My mother once told me that my grandfather would write a letter if he was upset or irritated with someone. He would then put that letter in his drawer and hold on to it for a while before sending it to that person. It was a kind of quarantine/cooling period for the thoughts to make sure they really were what he wanted to say before sending them off. I’m pretty sure she told me this after having talked her ear off with an angsty childhood rant.
The take-home message from this object lesson was twofold. First, be positive that what you are communicating is what you really want to say. Second, be sure you are using the right medium.

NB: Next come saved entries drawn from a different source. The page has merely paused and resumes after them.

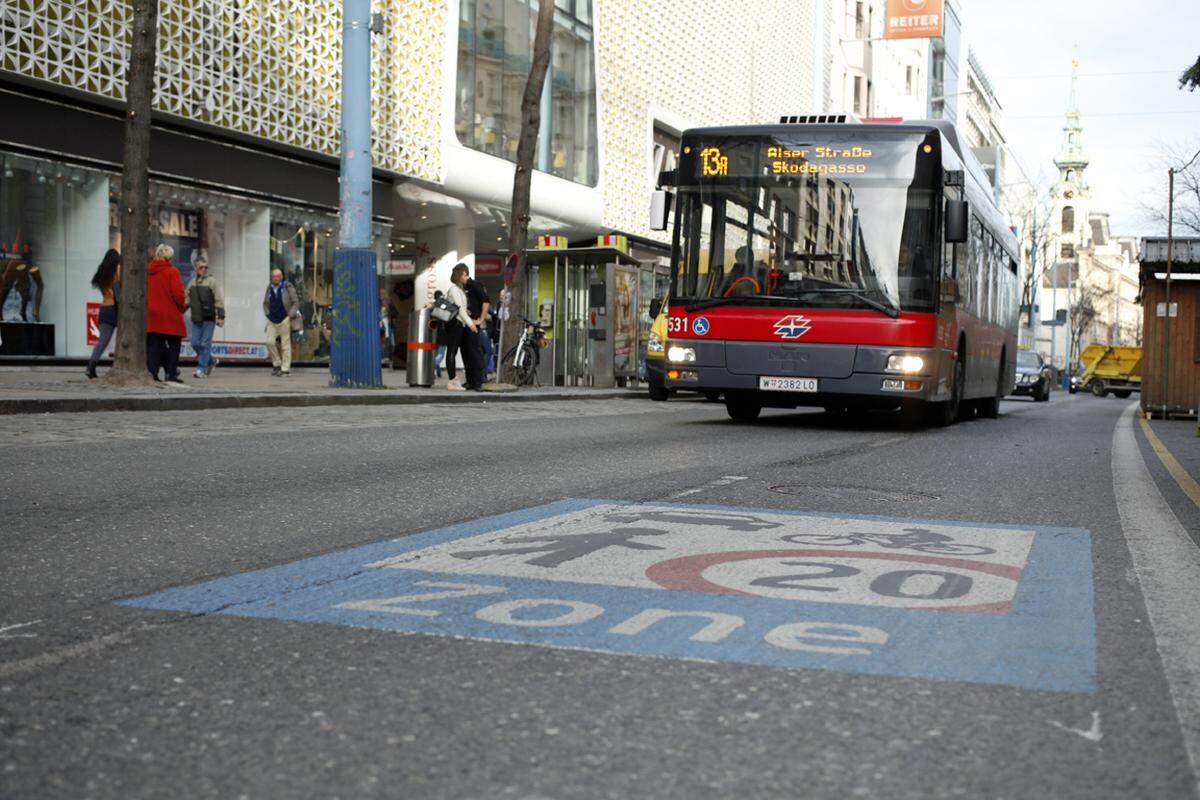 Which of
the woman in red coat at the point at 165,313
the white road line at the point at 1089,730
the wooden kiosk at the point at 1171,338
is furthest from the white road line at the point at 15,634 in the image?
the wooden kiosk at the point at 1171,338

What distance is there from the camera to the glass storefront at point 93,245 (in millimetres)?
19922

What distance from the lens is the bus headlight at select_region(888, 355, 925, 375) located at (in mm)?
13352

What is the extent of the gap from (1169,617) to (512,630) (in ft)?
6.47

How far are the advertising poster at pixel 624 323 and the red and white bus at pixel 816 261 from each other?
37.8 ft

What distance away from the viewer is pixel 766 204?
1398cm

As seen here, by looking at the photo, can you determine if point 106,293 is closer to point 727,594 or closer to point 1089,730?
point 727,594

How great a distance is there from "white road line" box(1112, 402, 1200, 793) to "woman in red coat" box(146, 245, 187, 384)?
12.4m

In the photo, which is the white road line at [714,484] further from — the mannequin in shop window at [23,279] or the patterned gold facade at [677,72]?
the patterned gold facade at [677,72]

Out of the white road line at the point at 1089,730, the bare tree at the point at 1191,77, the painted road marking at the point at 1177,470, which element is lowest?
the painted road marking at the point at 1177,470

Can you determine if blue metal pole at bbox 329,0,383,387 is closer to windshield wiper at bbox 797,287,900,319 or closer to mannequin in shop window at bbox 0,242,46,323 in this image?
mannequin in shop window at bbox 0,242,46,323

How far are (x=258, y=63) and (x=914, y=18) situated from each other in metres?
31.4

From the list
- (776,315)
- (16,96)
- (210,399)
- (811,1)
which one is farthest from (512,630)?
(811,1)

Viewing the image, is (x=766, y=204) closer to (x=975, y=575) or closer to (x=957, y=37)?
(x=975, y=575)

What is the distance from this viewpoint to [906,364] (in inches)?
526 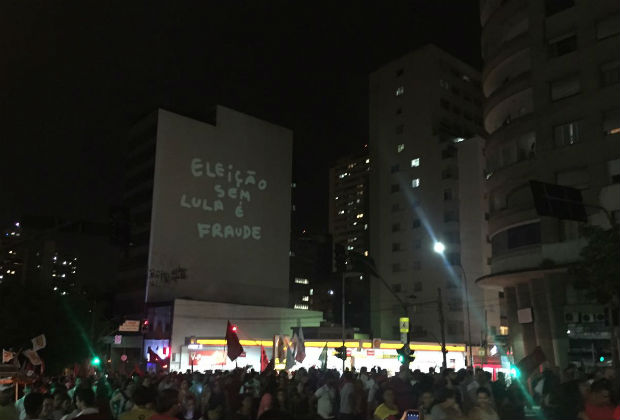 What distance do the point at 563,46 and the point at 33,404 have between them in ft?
110

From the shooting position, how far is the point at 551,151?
33906 mm

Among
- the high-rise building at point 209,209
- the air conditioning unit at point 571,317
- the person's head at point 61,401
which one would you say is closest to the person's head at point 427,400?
the person's head at point 61,401

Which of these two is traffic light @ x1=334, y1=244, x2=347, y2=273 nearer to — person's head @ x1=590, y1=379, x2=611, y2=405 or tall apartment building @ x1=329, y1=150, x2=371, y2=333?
person's head @ x1=590, y1=379, x2=611, y2=405

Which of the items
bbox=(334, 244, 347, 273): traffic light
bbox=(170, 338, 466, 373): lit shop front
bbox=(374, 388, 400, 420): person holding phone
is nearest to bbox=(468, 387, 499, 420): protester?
bbox=(374, 388, 400, 420): person holding phone

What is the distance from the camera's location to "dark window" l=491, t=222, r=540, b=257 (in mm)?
34344

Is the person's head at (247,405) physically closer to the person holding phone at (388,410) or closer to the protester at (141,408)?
Answer: the person holding phone at (388,410)

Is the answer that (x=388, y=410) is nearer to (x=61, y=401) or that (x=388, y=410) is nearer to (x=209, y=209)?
(x=61, y=401)

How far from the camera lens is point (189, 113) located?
79125 millimetres

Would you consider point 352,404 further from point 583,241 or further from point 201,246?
point 201,246

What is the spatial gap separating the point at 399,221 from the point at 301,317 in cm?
1866

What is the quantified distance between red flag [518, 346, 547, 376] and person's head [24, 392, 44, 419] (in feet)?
45.0

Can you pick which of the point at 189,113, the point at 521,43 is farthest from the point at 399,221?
the point at 521,43

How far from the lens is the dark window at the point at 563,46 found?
3453 cm

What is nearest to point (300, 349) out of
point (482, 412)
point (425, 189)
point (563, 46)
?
point (563, 46) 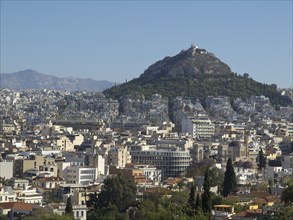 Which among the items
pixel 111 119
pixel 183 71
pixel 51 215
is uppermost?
pixel 183 71

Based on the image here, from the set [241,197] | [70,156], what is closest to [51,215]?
[241,197]

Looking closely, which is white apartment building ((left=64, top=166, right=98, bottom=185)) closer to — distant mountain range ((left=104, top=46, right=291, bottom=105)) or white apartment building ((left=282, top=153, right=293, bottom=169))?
white apartment building ((left=282, top=153, right=293, bottom=169))

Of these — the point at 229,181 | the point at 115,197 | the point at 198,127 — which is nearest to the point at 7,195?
the point at 115,197

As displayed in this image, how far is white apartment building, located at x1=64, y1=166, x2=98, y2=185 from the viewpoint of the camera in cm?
5744

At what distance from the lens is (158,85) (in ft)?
499

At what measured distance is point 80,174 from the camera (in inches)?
2279

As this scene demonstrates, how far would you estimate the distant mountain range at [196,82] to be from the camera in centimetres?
14838

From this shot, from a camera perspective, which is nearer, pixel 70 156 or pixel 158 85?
pixel 70 156

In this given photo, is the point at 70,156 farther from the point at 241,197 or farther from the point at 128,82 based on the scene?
the point at 128,82

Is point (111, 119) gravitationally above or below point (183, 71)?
below

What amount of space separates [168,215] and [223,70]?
124 meters

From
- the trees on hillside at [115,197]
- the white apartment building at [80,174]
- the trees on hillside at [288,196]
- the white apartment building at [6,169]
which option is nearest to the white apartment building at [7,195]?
the trees on hillside at [115,197]

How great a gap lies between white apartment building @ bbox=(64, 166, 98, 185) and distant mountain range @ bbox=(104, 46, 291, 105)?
8596 centimetres

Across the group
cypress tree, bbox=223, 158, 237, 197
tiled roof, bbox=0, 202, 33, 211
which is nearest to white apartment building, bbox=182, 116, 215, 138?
cypress tree, bbox=223, 158, 237, 197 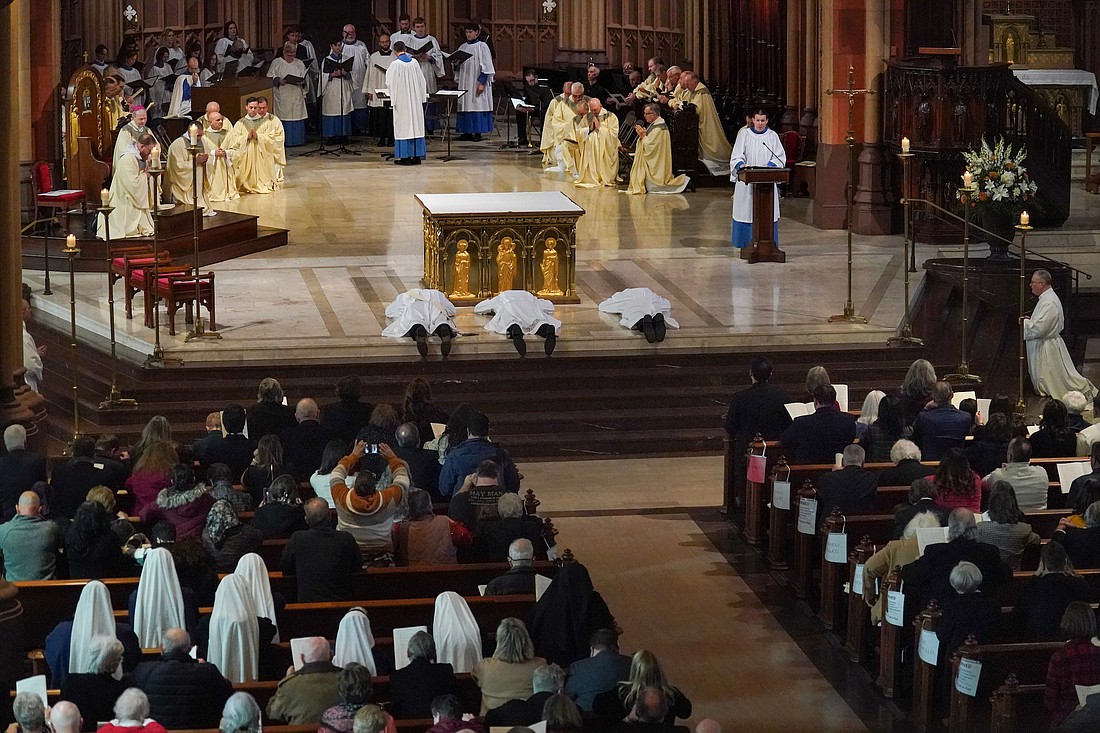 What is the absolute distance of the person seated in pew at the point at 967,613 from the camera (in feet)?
26.6

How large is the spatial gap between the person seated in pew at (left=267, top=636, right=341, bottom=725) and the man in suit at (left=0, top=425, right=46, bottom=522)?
Result: 321cm

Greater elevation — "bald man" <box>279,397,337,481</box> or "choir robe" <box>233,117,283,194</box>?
"choir robe" <box>233,117,283,194</box>

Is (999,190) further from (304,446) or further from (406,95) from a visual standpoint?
(406,95)

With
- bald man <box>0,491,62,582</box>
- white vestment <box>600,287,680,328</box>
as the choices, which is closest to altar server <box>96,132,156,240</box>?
white vestment <box>600,287,680,328</box>

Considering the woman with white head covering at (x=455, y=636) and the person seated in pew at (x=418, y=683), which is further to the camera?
the woman with white head covering at (x=455, y=636)

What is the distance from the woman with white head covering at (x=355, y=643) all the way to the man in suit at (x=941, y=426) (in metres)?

The first was obvious, the second came later when I realized that though mothers may love their children very much, they do not deserve to be subjected to hour-long unfocused tirades about teenage injustices with the frequency I dealt them.
In this age of instant communication where words can travel faster than ever before, in quantities greater than anyone could have ever imagined, it can be hard to tell what, when and how things should be shared. I’ve read some things online recently that should have been shared in a different format, at a different time if they should have even been shared at all. Reading things like that makes me second guess some of the content I have wanted to share and how I have wanted to share it. I have the ‘when’ but I’m missing the other two pieces.

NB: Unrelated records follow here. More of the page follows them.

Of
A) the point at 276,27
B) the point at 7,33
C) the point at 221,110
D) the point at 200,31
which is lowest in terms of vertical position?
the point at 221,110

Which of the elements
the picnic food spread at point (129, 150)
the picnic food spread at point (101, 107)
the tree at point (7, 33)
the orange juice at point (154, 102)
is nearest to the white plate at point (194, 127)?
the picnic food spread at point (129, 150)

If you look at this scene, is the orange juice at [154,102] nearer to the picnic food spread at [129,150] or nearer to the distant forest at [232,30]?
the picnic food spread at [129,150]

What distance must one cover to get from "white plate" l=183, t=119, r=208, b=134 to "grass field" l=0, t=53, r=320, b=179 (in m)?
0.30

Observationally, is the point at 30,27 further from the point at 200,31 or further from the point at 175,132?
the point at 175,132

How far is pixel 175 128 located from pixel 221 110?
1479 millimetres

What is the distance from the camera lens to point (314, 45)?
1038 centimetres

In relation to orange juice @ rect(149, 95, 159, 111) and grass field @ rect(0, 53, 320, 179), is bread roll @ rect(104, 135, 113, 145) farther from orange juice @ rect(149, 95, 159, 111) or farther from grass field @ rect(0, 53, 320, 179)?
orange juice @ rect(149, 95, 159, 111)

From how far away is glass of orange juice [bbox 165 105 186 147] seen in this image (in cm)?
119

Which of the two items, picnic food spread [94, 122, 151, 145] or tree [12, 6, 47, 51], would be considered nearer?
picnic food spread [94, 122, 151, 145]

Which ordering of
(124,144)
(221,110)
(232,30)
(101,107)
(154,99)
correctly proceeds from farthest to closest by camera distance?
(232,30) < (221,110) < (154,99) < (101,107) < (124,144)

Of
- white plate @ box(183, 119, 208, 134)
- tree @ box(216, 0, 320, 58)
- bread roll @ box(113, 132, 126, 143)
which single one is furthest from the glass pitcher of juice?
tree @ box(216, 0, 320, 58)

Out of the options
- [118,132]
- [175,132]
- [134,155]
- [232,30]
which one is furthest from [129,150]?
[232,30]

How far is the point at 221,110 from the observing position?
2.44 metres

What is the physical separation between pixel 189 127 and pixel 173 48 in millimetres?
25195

There are a lot of things I want to share here for a great many reasons. Mainly my whole coming out story (yes, I’m agonizing about this again). I just worry about how it will be received and if it will accomplish anything remotely close to what I am hoping. Where the risk is great, the potential reward is greater. My problem is that I tend to be, for better or worse, a pretty risk-averse person and the idea of this blowing up in my face somehow is paralyzing.

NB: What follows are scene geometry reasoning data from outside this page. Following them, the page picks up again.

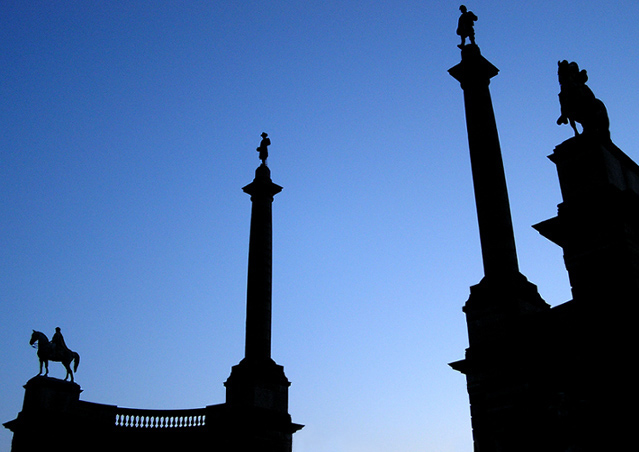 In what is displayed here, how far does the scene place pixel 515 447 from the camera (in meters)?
18.4

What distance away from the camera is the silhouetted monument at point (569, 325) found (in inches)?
677

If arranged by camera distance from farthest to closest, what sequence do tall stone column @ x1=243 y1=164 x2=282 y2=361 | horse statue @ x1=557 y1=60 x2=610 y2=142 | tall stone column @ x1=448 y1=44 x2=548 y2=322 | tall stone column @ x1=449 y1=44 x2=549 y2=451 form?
tall stone column @ x1=243 y1=164 x2=282 y2=361, horse statue @ x1=557 y1=60 x2=610 y2=142, tall stone column @ x1=448 y1=44 x2=548 y2=322, tall stone column @ x1=449 y1=44 x2=549 y2=451

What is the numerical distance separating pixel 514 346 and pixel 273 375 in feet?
52.6

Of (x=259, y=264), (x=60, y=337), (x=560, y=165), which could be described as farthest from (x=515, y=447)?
(x=60, y=337)

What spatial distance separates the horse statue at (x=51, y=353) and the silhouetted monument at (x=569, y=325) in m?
22.6

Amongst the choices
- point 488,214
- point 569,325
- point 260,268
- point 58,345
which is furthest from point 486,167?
point 58,345

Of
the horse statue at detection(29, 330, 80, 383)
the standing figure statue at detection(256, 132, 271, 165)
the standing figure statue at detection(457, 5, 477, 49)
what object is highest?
the standing figure statue at detection(256, 132, 271, 165)

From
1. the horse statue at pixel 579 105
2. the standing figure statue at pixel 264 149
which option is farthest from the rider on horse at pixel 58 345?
the horse statue at pixel 579 105

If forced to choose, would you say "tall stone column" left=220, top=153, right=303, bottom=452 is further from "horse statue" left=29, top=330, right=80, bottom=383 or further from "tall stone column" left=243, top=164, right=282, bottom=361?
"horse statue" left=29, top=330, right=80, bottom=383

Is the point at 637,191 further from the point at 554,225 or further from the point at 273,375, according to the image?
the point at 273,375

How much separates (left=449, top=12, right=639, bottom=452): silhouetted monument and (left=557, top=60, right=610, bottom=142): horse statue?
7 cm

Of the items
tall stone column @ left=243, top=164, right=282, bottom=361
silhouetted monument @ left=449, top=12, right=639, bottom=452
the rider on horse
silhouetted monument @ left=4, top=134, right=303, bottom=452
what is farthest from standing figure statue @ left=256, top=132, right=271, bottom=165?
silhouetted monument @ left=449, top=12, right=639, bottom=452

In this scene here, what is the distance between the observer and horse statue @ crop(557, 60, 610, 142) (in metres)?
21.8

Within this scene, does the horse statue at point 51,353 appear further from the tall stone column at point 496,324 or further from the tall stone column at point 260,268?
the tall stone column at point 496,324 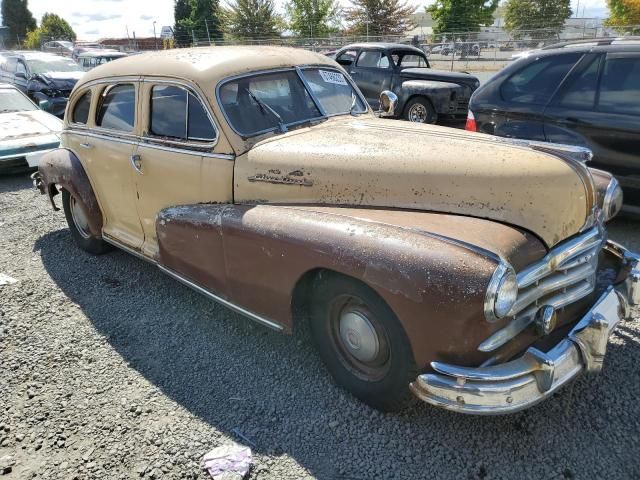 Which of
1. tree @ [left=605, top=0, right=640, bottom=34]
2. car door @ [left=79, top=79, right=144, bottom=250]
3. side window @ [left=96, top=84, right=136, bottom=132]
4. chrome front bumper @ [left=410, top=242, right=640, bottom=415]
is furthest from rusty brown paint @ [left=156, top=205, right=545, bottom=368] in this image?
tree @ [left=605, top=0, right=640, bottom=34]

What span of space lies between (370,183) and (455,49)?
24.6m

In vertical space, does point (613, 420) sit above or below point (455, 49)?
below

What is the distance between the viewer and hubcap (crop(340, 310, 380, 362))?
2605 millimetres

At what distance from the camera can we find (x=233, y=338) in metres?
3.54

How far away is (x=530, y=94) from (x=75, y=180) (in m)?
4.34

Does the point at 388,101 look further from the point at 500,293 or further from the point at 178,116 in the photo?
the point at 500,293

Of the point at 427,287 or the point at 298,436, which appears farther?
the point at 298,436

I sometimes read other people’s stories and they leave me feeling depressed, angry, sad or dirty. That outcome is the exact opposite of what I want to achieve here. There may be some parts of the story which may be sad or frustrating the overall intent is show the journey I made to a positive and unexpected outcome from what seemed to be an impossible situation. I think that I can pull this off, I just have to buckle down and do it. It will just be important to listen carefully to feedback regarding the how, what and when of what I’m sharing to make sure I am communicating what I want to.